TASK DESCRIPTION :: If a line includes "High", copy it out of the entries.
*** INPUT FOR THIS TASK ***
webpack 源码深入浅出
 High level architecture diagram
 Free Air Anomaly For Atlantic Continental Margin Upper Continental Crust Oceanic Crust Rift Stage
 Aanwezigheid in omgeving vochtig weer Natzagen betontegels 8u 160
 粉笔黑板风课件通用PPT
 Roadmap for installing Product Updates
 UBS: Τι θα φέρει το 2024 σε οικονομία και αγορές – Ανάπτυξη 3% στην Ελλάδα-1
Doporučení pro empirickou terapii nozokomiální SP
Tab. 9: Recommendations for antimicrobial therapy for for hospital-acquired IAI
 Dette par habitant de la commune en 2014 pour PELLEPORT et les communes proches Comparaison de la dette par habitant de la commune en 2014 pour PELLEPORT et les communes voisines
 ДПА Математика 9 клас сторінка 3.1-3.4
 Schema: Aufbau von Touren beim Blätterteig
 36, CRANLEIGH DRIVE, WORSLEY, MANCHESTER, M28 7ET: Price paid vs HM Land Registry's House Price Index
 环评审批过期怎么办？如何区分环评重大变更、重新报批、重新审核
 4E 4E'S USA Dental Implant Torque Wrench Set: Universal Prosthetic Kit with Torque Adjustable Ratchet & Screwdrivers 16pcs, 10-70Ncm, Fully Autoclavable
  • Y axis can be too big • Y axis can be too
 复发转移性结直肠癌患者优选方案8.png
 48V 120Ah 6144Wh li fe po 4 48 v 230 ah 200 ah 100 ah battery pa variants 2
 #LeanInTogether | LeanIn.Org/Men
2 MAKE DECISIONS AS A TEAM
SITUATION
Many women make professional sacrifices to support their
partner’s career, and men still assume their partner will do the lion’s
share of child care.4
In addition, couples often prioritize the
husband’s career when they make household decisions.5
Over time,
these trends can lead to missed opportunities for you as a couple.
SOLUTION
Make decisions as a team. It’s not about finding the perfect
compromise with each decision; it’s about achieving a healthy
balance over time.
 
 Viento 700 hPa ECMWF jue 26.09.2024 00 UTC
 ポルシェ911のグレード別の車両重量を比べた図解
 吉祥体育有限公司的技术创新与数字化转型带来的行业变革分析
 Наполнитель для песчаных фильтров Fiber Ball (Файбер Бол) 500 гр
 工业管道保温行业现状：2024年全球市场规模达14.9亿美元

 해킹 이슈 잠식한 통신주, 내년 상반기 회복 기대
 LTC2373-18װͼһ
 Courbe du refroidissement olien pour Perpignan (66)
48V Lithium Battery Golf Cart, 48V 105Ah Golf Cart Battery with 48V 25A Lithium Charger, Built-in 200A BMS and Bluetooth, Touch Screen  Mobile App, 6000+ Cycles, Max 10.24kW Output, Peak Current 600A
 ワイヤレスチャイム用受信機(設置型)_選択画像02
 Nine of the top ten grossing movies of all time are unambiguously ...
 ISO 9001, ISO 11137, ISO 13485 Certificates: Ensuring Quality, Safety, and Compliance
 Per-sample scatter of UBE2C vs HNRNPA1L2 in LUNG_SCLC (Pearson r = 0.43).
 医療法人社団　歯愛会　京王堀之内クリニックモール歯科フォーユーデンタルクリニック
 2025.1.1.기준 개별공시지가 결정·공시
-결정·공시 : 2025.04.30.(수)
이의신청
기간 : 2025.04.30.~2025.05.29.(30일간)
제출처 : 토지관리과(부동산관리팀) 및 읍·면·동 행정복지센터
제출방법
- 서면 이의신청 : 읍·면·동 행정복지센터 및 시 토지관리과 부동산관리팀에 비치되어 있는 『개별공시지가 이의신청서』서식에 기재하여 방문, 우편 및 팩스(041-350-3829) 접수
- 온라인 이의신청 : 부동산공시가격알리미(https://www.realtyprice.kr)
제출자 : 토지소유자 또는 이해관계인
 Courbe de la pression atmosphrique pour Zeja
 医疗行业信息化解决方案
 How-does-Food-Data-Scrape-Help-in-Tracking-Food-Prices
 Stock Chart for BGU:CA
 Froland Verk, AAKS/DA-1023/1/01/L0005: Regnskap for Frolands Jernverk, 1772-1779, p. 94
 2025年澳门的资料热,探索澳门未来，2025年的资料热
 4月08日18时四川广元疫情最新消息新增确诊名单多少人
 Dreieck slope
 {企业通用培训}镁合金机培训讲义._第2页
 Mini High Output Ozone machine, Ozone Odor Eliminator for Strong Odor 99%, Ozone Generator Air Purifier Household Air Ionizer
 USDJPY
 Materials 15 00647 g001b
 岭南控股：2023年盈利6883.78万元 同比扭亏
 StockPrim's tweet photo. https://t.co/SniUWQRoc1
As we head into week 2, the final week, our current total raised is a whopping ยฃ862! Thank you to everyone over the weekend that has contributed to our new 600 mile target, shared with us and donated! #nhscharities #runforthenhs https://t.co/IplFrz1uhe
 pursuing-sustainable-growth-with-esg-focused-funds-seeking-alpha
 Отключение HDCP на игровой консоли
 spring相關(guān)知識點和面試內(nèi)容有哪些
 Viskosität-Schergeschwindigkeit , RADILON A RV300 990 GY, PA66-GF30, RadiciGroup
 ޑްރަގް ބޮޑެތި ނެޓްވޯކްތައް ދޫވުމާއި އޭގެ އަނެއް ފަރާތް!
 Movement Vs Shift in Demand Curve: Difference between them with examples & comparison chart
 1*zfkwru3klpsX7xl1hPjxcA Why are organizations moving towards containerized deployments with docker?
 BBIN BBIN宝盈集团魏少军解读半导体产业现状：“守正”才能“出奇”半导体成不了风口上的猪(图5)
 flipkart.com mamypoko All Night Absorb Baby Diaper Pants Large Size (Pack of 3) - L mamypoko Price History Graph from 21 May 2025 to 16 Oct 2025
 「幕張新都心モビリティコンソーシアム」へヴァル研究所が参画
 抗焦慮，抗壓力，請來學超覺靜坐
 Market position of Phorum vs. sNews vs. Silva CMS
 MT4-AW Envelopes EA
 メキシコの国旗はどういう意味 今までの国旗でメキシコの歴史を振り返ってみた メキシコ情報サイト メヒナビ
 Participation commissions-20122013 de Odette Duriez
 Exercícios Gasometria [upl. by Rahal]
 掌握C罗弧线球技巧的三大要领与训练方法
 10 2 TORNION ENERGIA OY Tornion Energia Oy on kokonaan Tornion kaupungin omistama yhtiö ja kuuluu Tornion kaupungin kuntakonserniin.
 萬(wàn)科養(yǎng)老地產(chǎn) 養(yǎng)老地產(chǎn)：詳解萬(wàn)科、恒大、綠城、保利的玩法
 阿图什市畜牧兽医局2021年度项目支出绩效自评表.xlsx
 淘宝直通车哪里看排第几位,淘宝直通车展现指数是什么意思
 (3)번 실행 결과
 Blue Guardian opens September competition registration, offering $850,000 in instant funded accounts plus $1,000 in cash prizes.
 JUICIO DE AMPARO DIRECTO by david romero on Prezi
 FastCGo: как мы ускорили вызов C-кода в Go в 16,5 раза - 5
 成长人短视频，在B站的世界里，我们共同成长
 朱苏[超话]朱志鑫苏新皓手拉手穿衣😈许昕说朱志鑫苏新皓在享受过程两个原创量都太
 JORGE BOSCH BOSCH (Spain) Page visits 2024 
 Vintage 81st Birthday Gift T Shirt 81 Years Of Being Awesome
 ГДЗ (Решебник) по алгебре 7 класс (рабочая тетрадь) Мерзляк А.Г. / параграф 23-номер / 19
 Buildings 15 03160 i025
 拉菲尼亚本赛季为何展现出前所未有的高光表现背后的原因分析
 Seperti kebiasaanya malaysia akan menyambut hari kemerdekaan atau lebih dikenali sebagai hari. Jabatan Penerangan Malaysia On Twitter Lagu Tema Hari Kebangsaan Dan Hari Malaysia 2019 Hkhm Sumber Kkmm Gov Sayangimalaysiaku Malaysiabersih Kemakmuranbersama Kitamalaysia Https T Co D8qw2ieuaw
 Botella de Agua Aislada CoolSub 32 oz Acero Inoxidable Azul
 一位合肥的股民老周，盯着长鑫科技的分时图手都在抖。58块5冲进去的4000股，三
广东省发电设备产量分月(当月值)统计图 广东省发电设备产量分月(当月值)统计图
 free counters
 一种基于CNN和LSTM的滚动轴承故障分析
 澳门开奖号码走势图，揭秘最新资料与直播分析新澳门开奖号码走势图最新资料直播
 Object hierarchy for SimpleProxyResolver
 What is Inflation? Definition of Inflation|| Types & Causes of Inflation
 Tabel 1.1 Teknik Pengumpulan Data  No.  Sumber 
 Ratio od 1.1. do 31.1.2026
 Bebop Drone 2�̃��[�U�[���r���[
*** End of INPUT FOR THIS TASK ***
ANSWER TO THIS TASK ::
 High level architecture diagram
 Mini High Output Ozone machine, Ozone Odor Eliminator for Strong Odor 99%, Ozone Generator Air Purifier Household Air Ionizer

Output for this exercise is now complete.